Like a true academic that I most certainly am not, let’s start with a little history and the definition. The cliff notes on the history of Industries 1.0–3.0: 1.0 = mechanization & steam power; 2.0 = assembly line; 3.0 = computerization & automation. My Industry 4.0 definition:

“Industry 4.0 is the digital transformation of companies that make things both in terms of the products they are offering (revenue growth) and the way they operate (profitability improvements).”

Let’s pick this apart a little bit more. Starting with the even buzzier “digital transformation.” Digital transformation is simply the physical world becoming digital — the transition from bits to bytes. Digital transformation has happened across countless industries and is applicable everywhere. It’s the reason you can cash your birthday check from grandma on your iPhone.

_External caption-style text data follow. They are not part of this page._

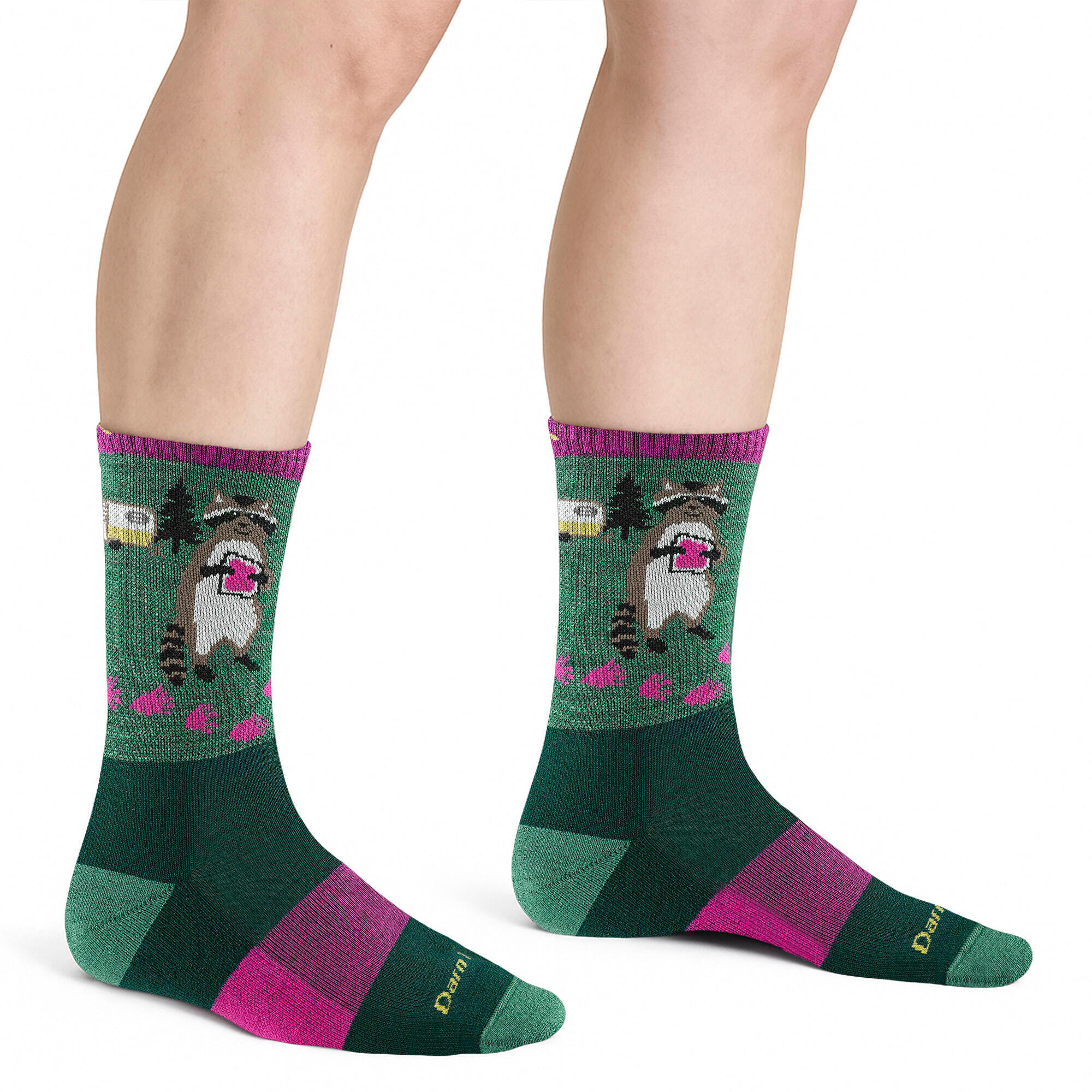 Darn Tough Chaussettes Femme Randonnée Motif Animaux Laine Mérinos 2/6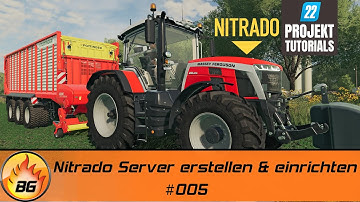 LS22 Tutorials #005 | Nitrado Server erstellen & einrichten | FARMING SIMULATOR 22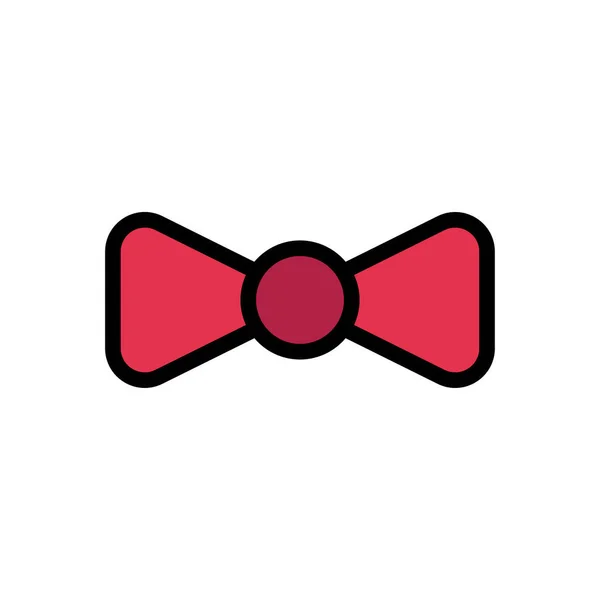 Краватка Вектор Плоский Колір Значок — стоковий вектор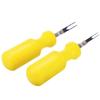 Экстрактор Инструмент для снятия автомобильных клемм Ремонт Штифт для рассоединения Желтый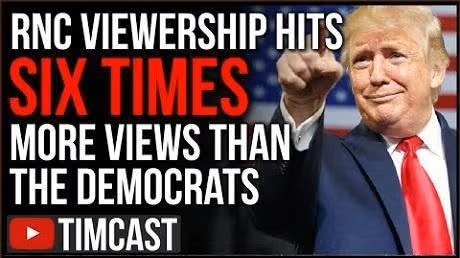 RNC 6x more views than DNC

Digital transformation and companies that make things, in my opinion, are the two key ingredients to the Industry 4.0 sourdough. This is powerful because it means the companies that make things are no longer constrained by the traditional limitations of the physical world. They are now able to tap into the power of analytics to do things like run 1,000,000 simulations of a part and the production line for that part before they make it.

I think some examples will help.

I get most excited about top-line growth enabled by Industry 4.0 technologies. Solutions like Relayr and ICON are perfect examples. Relayr fundamentally changes the business model of machine manufacturers by allowing them to sell machine uptime, a recurring revenue business, instead of just a single machine through a combination of IoT, Artificial Intelligence (AI), Financing, and Insurance. ICON is changing the economics of homebuilding with advanced materials and a massive 3D printer, enabling rapid, massively-customized homes at a low cost. Who said you can’t have it all (low cost, high quality, full customization, fast)?

Most of the Industry 4.0 hype actually falls to the bottom line because this is where companies that make things have traditionally spent a lot of time and this is where Industry 4.0 shows value most quickly. A quick example here is the work Drishti is doing to enhance worker productivity by enabling time studies at scale.

The Important Part: Why Should I Care?

Industry 4.0 has huge upsides for consumers. Beyond lowering the costs of goods, it is the reason why you will be able to order your fully custom anything (car, phone, coffee, computer, etc.) online and have it delivered two hours later because it was manufactured less than 5 miles from where you live. Industry 4.0 is what makes the right here, right now, exactly the way I want it, and at a low cost possible. It is changing the game around operations in a time when we, as consumers, want it all. Industry 4.0 gives us “it all” without needing that J-Lo money.

This post is my personal take on something I get a lot of questions about — these thoughts are mine, and mine only. Examples mentioned in this piece are not an endorsement.